Cooler, rainy weather slows growth of Interior Alaska wildfires

two people in uniforms and yellow hard hats cut down trees
A local crew create fuel breaks near the Nenana Cemetery off of the Parks Highway to protect the area from the Anderson Complex fires. (Alaska Interagency Coordination Center)

Cooler, rainy weather over the past couple of days has slowed the growth of Interior Alaska wildfires that have burned more than a quarter of a million acres over the past couple of weeks.

“The cool weather and the rain — it’s really benefited us. But we’re not out of the weather yet,” said Sam Harrell, a spokesperson for the state Division of Forestry and Fire Protection. “We’re still going to have high pressure lingering over the Interior. And with that’s going to come the warm sunny days. We’re still forecasting above-normal temperatures.”

But Harrell said firefighters made solid progress during the cool and rainy respite. They cut more containment line around fires and doused them with dozens of loads from water-scooping aircraft. That helped keep the 42,000-acre Pogo Mine Road Fire from encroaching toward the trans-Alaska pipeline. The fire is burning about 20 miles north of Delta Junction.
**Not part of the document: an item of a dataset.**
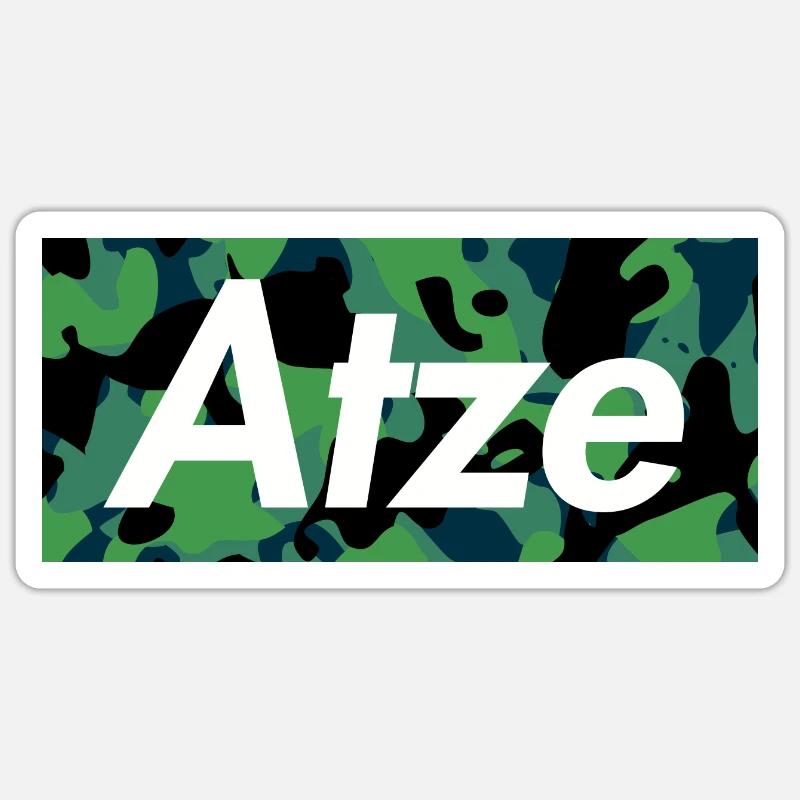 Atze Camouflage v1 - Sticker Größe S (10 x 10 cm) - Mattweiß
“It’s very close to the pipeline there, south of Shaw Creek,” said Harrell.

Harrell said the fire has burned to within a tenth of a mile of the pipeline right-of-way, and about a mile from the Richardson Highway near milepost 285. He said there’s not a lot of vegetation in the right-of-way to fuel a fire, and that the pipeline is engineered to withstand a wildfire.
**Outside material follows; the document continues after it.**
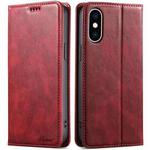 For iPhone X / XS Suteni J02 Oil Wax Wallet Leather Phone Case(Red)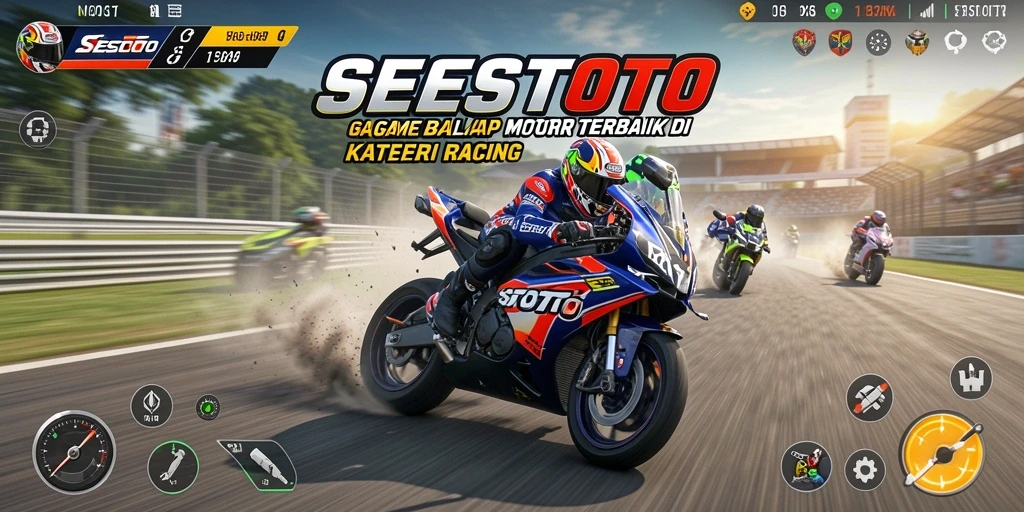 Tampilan gameplay seru dengan balapan motor yang mendebarkan.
“Of course, we would really rather it not, because we also don’t want it to reach the Richardson Highway and then of course the homes and everything that are along the highway corridor,” he said.

Harrell said two crews that were aboard a planeload of firefighters from the Lower 48 were sent to the fire, which is named for the road that leads to the Pogo gold mine.

“It’s not really growing and expanding in that area,” he said. “The only heat that we see is down in the Shaw Creek Flats, where it’s kind of working through the grasses in that boggy tundra down there in the lowlands.”

a plane drops water onto an expanse of trees, with mountains in the background
Planes drop water on the southwest perimeter of the Pogo Mine Fire, where the fire continues to spread toward Quartz Lake and the Richardson Highway. (Alaska Interagency Coordination Center)

Harrell said state and federal fire officials on Thursday will stand up an Incident Command Post at the Deltana Fairgrounds in Delta Junction. Equipment and personnel will muster there to coordinate firefighting around that area.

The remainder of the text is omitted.